Transcribe the following entries letter for letter, without the pictures.

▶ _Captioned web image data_
+---+

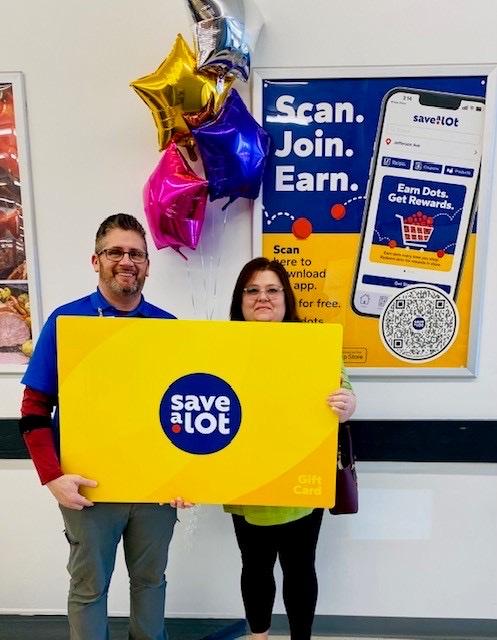 L to R: Jamey Fraley, Store Manager, Terrie Woods, winner - Summersville, WV
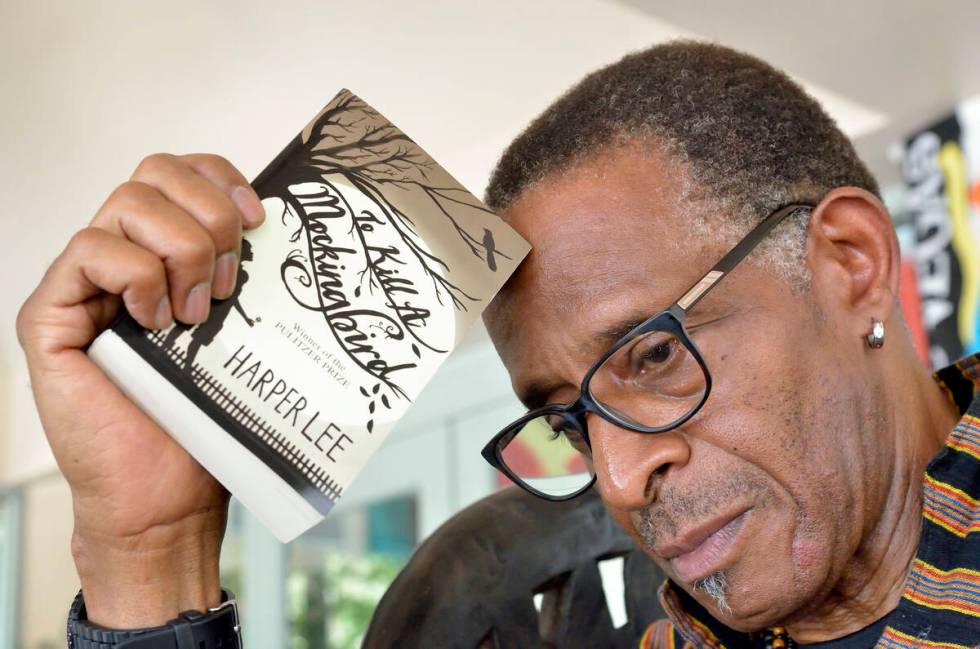 Actor and teacher Antonio Fargas is shown with a copy of Harper Lee's "To Kill a Mockingbird" a ...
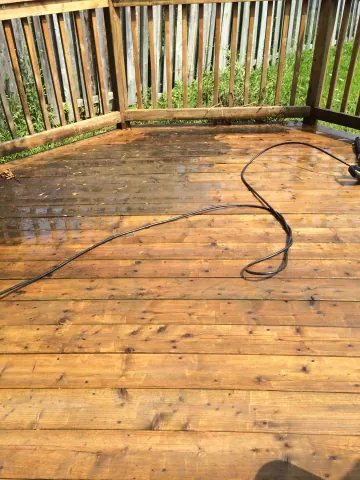 Timber deck boards during cleaning and surface preparation
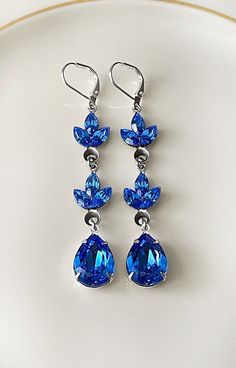 "Pair of long earrings featuring Swarovski crystals in sapphire blue.  2 7/8\" long. Thanks for stopping by!" Luxury Blue Chandbali Danglers, Blue Sterling Silver Chandelier Earrings For Wedding, Blue Crystal Teardrop Bridal Earrings, Blue Crystal Teardrop Dangle Earrings, Blue Crystal Teardrop Earrings, Blue Teardrop Chandelier Earrings For Formal Occasions, Formal Blue Teardrop Chandelier Earrings, Blue Long Drop Jewelry For Wedding, Blue Long Drop Wedding Jewelry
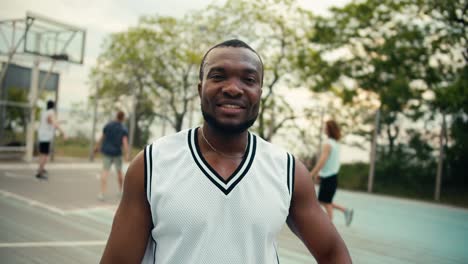 A-Black-person-in-a-white-T-shirt-poses-and-smiles-on-the-basketball-court-in-front-of-his-friends-who-are-playing-basketball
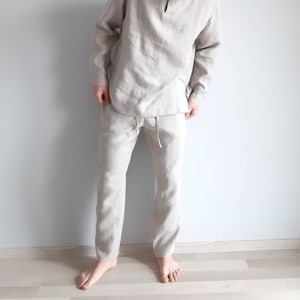 Pantalon en lin coupe ample. Pantalon à cordon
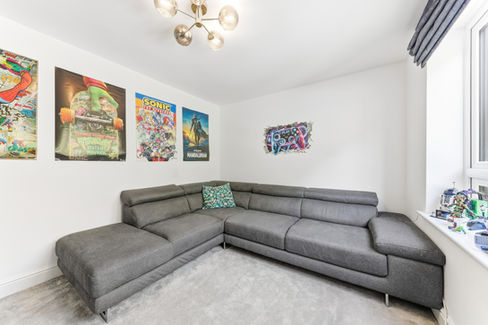 Grey L-shape sofa in white room with prints on wall
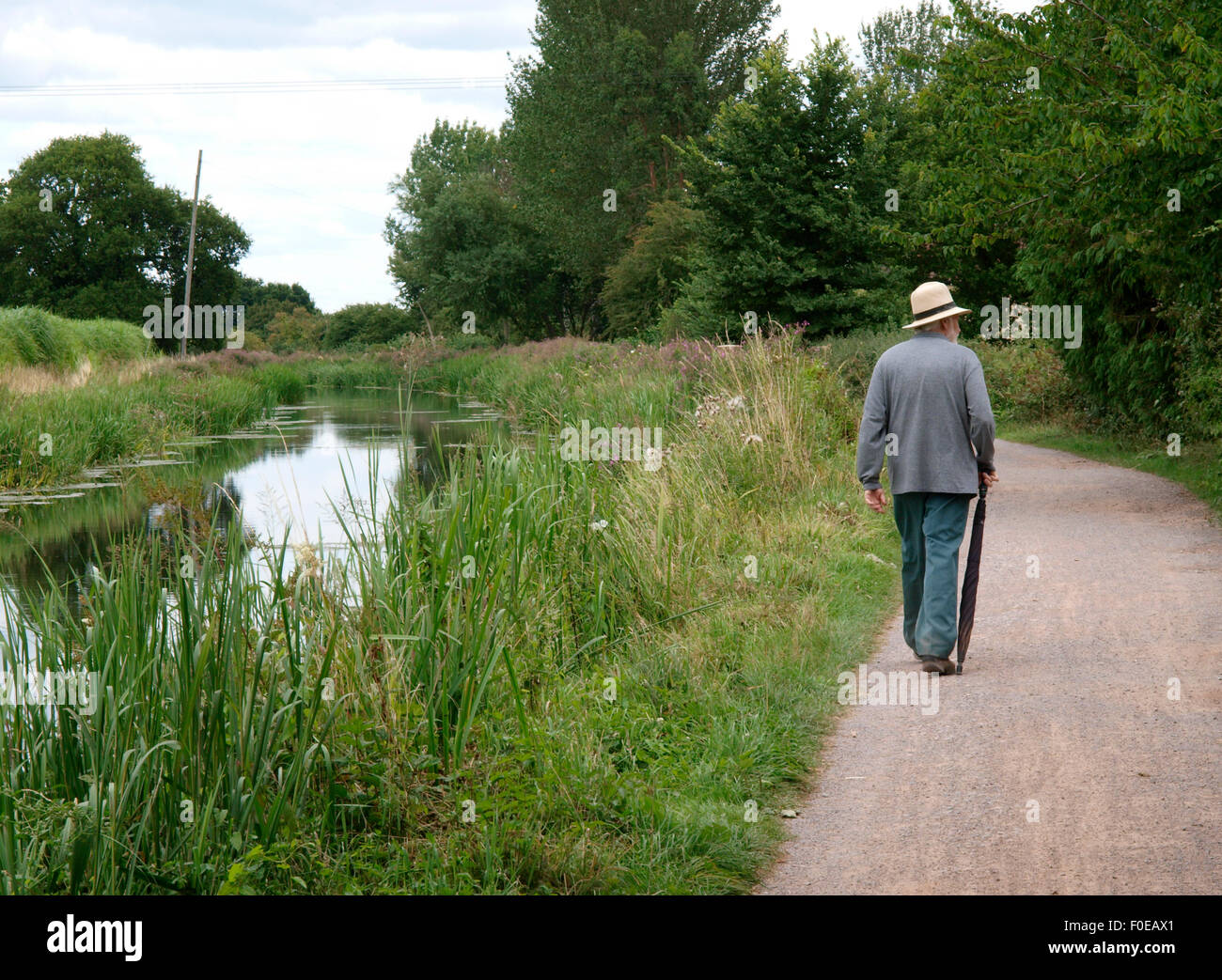 Senior Citizen passeggiando lungo l'alzaia del Bridgwater e Canal a Taunton, Somerset, Regno Unito Foto Stock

+---+

▶ _YOUR SOLUTION_
 L to R: Jamey Fraley, Store Manager, Terrie Woods, winner - Summersville, WV
 Actor and teacher Antonio Fargas is shown with a copy of Harper Lee's "To Kill a Mockingbird" a ...
 Timber deck boards during cleaning and surface preparation
 "Pair of long earrings featuring Swarovski crystals in sapphire blue.  2 7/8\" long. Thanks for stopping by!" Luxury Blue Chandbali Danglers, Blue Sterling Silver Chandelier Earrings For Wedding, Blue Crystal Teardrop Bridal Earrings, Blue Crystal Teardrop Dangle Earrings, Blue Crystal Teardrop Earrings, Blue Teardrop Chandelier Earrings For Formal Occasions, Formal Blue Teardrop Chandelier Earrings, Blue Long Drop Jewelry For Wedding, Blue Long Drop Wedding Jewelry
 A-Black-person-in-a-white-T-shirt-poses-and-smiles-on-the-basketball-court-in-front-of-his-friends-who-are-playing-basketball
 Pantalon en lin coupe ample. Pantalon à cordon
 Grey L-shape sofa in white room with prints on wall
 Senior Citizen passeggiando lungo l'alzaia del Bridgwater e Canal a Taunton, Somerset, Regno Unito Foto Stock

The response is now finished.